# How do you solve dy/dx = xy^2?

Mar 23, 2018

$y \left(x\right) = - \frac{2}{{x}^{2} + C}$

#### Explanation:

Let's separate our variables, IE, have each side of the equation only in terms of one variable. This entails

$\frac{\mathrm{dy}}{y} ^ 2 = x \mathrm{dx}$

Integrate each side:

$\int \frac{\mathrm{dy}}{y} ^ 2 = \int x \mathrm{dx}$

$- \frac{1}{y} = \frac{1}{2} {x}^{2} + C$

Note that we would technically have constants of integration on both sides, but we moved them all over to the right and absorbed them into $C .$

Now, let's get an explicit solution with $y$ as a function of $x :$

$- 1 = \frac{1}{2} {x}^{2} y + C y$

$y \left(\frac{1}{2} {x}^{2} + C\right) = - 1$

$y = - \frac{1}{\frac{1}{2} {x}^{2} + C}$

Let's get the fraction out of the denominator. It just looks messy.

y=-1/((x^2+2C)/2

Well, $2 C = C ,$ as $2$ multiplied by a constant just yields another constant.
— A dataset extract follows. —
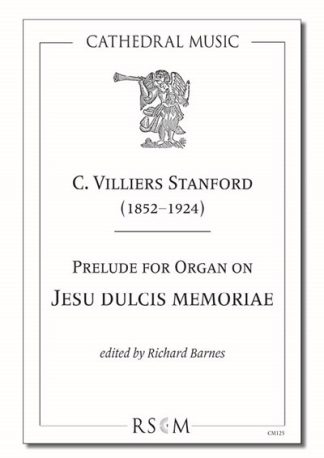 Prelude on 'Jesu dulcis memoriae'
$y = - \frac{1}{\frac{{x}^{2} + C}{2}}$

Thus,

$y \left(x\right) = - \frac{2}{{x}^{2} + C}$

Mar 23, 2018

$y = - \frac{2}{{x}^{2} + C}$

where $C$ is an arbitrary constant.

#### Explanation:

$\frac{\mathrm{dy}}{\mathrm{dx}} = x {y}^{2}$

We separate variables:

$\frac{\mathrm{dy}}{y} ^ 2 = x \mathrm{dx}$

Now we integrate both sides:

$\setminus \int \frac{1}{y} ^ 2 \mathrm{dy} = \setminus \int x \mathrm{dx}$

$- \frac{1}{y} = \frac{1}{2} {x}^{2} + C$

where $C$ is an arbitrary constant of integration.

Now we solve for $y$.

$- \frac{1}{y} = \frac{1}{2} {x}^{2} + C$

$y = - \frac{1}{\frac{1}{2} {x}^{2} + C}$

$\implies y = - \frac{2}{{x}^{2} + C}$

where $C$ absorbed a factor of $2$ since it is an arbitrary constant.